- DATA SECTION -
******************************

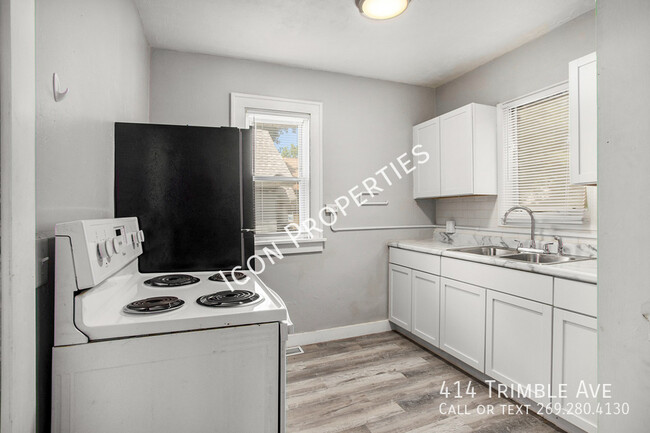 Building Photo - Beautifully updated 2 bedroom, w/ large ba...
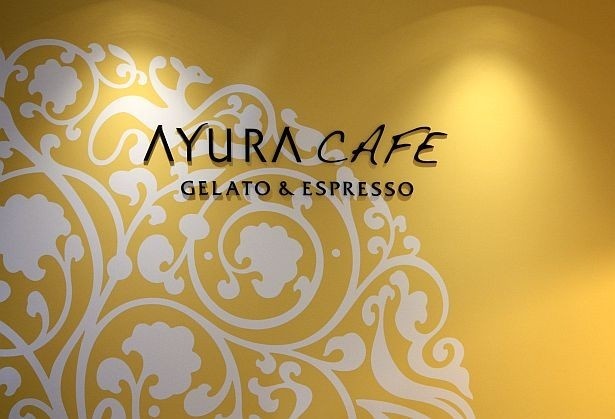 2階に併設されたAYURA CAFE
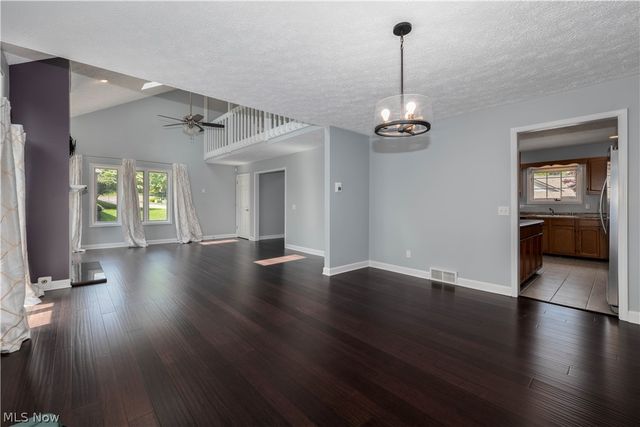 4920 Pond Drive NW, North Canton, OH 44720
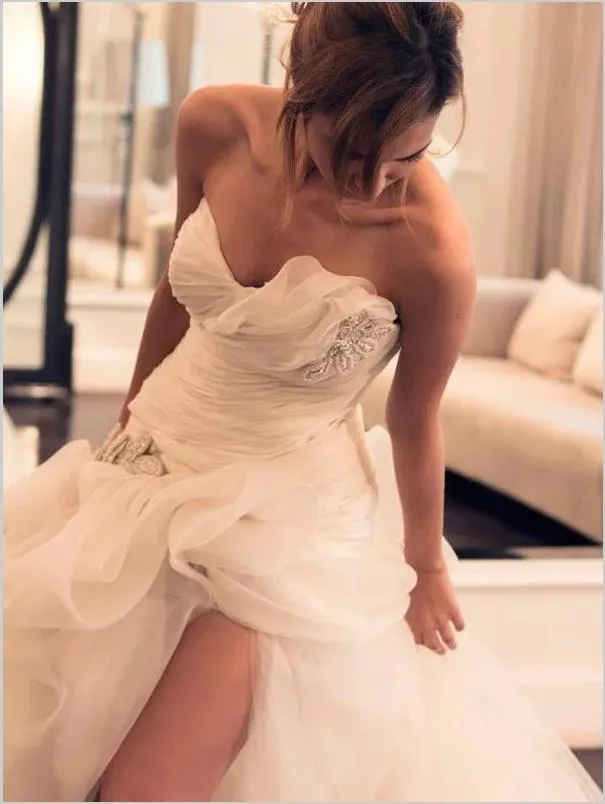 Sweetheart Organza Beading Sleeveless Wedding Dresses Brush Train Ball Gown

******************************

- TASK BRIEF -
With pictures excluded, output the listing above exactly as it stands.

- RESPONSE BELOW -
 Building Photo - Beautifully updated 2 bedroom, w/ large ba...
 2階に併設されたAYURA CAFE
 4920 Pond Drive NW, North Canton, OH 44720
 Sweetheart Organza Beading Sleeveless Wedding Dresses Brush Train Ball Gown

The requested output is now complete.